Here We Have Idaho
- Regional anthem of Idaho
- Lyrics: McKinley Helm Albert J. Tompkins
- Music: Sallie Hume Douglas, 1915
- Adopted: 1931; 94 years ago

= Here We Have Idaho =

Anthem of the U.S. state of Idaho

"Here We Have Idaho" is the official state song of Idaho. The music was originally composed by Sallie Hume-Douglas for a song titled "Garden of Paradise," which Hume-Douglas copyrighted in 1915. In 1917, two students at the University of Idaho used the music for their entry in a campus song contest. McKinley Helm wrote a verse for the song, and Alice Bessee adapted the "Garden of Paradise" music to fit. Under the title "Our Idaho," the song won the contest that year and eventually became the university's alma mater. The university later learned that Hume-Douglas had copyrighted the music, and obtained permission from her to continue using it for "Our Idaho."
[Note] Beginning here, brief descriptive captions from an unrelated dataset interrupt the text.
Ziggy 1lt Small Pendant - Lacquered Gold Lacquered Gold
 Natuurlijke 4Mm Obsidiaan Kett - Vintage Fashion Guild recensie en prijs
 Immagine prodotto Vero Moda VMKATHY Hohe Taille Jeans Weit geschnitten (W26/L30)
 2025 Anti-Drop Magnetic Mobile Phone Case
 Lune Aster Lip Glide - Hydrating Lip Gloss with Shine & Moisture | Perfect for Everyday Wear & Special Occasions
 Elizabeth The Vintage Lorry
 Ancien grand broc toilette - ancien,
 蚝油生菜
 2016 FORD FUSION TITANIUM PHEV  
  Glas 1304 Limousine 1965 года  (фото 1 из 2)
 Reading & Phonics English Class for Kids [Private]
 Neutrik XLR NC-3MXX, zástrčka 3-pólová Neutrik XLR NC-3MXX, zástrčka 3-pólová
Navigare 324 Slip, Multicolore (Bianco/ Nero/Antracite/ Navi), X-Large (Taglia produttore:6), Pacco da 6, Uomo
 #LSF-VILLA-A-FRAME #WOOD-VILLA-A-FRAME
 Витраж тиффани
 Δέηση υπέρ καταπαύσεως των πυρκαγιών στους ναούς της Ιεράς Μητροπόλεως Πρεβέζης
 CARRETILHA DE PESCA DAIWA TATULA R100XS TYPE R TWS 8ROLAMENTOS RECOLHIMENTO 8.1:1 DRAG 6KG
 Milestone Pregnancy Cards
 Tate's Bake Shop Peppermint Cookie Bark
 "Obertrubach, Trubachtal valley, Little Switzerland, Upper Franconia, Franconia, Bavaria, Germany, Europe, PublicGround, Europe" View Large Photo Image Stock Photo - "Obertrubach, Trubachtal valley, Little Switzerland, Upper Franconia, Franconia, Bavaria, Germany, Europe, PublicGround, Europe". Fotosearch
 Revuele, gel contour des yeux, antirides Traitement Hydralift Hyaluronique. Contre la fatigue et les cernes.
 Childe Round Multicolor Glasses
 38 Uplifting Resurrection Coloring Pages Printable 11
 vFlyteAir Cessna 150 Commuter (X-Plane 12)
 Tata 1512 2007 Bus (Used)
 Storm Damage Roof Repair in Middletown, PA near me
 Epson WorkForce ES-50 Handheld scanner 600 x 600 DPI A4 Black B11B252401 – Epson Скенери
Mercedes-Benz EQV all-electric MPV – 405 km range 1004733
In the meantime, Albert J. Tompkins, Director of Music in the Boise Public Schools, had written two additional verses for the song. These were combined with Helm's verse (used as a chorus) to form "Here We Have Idaho," which the Idaho Legislature designated as the Idaho state song in 1931.

== Lyrics ==
|
 Verse 1 You've heard of the wonders our land does possess Its beautiful valleys and hills The majestic forests where nature abounds We love every nook and rill Chorus And here we have Idaho Winning her way to fame Silver and gold in the sunlight blaze and romance lies in her name Singing, we're singing of you Ah, proudly too, All our lives through, we'll go Singing, singing of you, Singing of Idaho. Verse 2 There's truly one state in this great land of ours Where ideals can be realized. The pioneers made it so for you and me, A legacy we'll always prize. Chorus And here we have Idaho Winning her way to fame Silver and gold in the sunlight blaze and romance lies in her name Singing, we're singing of you Ah, proudly too, All our lives through, we'll go Singing, singing of you, Singing of Idaho.